Any advice would be helpful


----------



## Blue Moon (Sep 7, 2009)

Treat getting your wife into new and kinky stuff like a challenge/game. You didn't say "Hey, can you consider doing XXXX" in regular conversation when you were dating, so don't do it now. Turn her on, don't treat it like business.


----------



## Carron36 (Jun 2, 2010)

do you mind if I ask how old you are and how long you were with your wife before you got married? Before marriage, did you let on that you wanted a more interesting sex life? 
Sex changes after marriage, just like everything else in your relationship. You're going to be on the same page some of the time, but not always. It sounds like you weren't on the same page even before marriage so you shouldn't be too hard on her if you didn't express this as an issue before. 
The best thing to do this early in your marriage is to talk with her about what's on your mind and ask her to be open about her interest in sex, what her expectations are. Communication is key to the health of your relationship, the better you can make it from the get go, the better off you'll be as you travel this path together.


----------



## LostandNervous (Jul 13, 2010)

i am currently 21, she is 20 and same age when we married 5months ago, it was never an issue before hand but now i feel hornier and tend to think of other girls...i dont know why but i keep thinking of having sex with another girl and how good they look blah blah
_Posted via Mobile Device_


----------



## Carron36 (Jun 2, 2010)

the change is in you then and not her. You shouldn't try to talk her into changing her interest in sex just yet. First, you need to figure out why your feelings have changed and why your sex drive has changed. I'm twice your age and, based on experience, it would seem that now that you're married and not supposed to be with anyone else, psychologically it's more appealing to you. "you can look, but you can't touch..."


----------



## LostandNervous (Jul 13, 2010)

Carron36 said:


> the change is in you then and not her. You shouldn't try to talk her into changing her interest in sex just yet. First, you need to figure out why your feelings have changed and why your sex drive has changed. I'm twice your age and, based on experience, it would seem that now that you're married and not supposed to be with anyone else, psychologically it's more appealing to you. "you can look, but you can't touch..."


thats actually the first response that makes sense since i have been to another forum and no one really said much. Its hard to handle cause i truely wanna "touch" and know that if placed in that situation, the chances are high. I feel bad cause i dont want to hurt her but feel like i NEED to do this in order to be happy (i know i dont NEED to but rather want). Plus, since she is a somewhat bigger girl n complains of her weight alot (like most women lol) i try to get her to go work out but nvr wants to, but sits all day after work.
_Posted via Mobile Device_


----------



## Carron36 (Jun 2, 2010)

you're young, be careful and be smart.

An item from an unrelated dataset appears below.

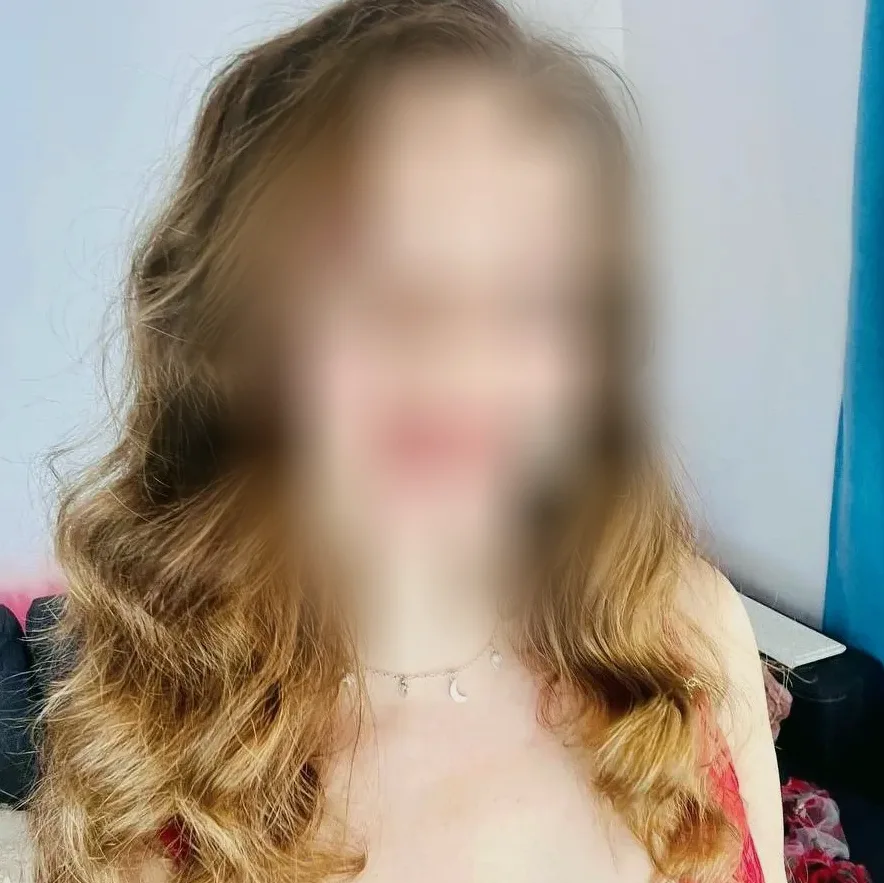 Sarah, 26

Tell your wife as gently as possible what you're feeling and even what you think you're capable of (cheating) BEFORE you do anything with anyone else. At least give your marriage a fighting chance by being honest with her and you may get the change you want in your sex life at home. Going about it that way will be less painful for her and you (I know you can't see that right now) then if you cheat first and then deal with the ugly repercussions when you get caught. Women at almost any age are very intuitive and she will know when there is a change in you if you go through with an affair.


----------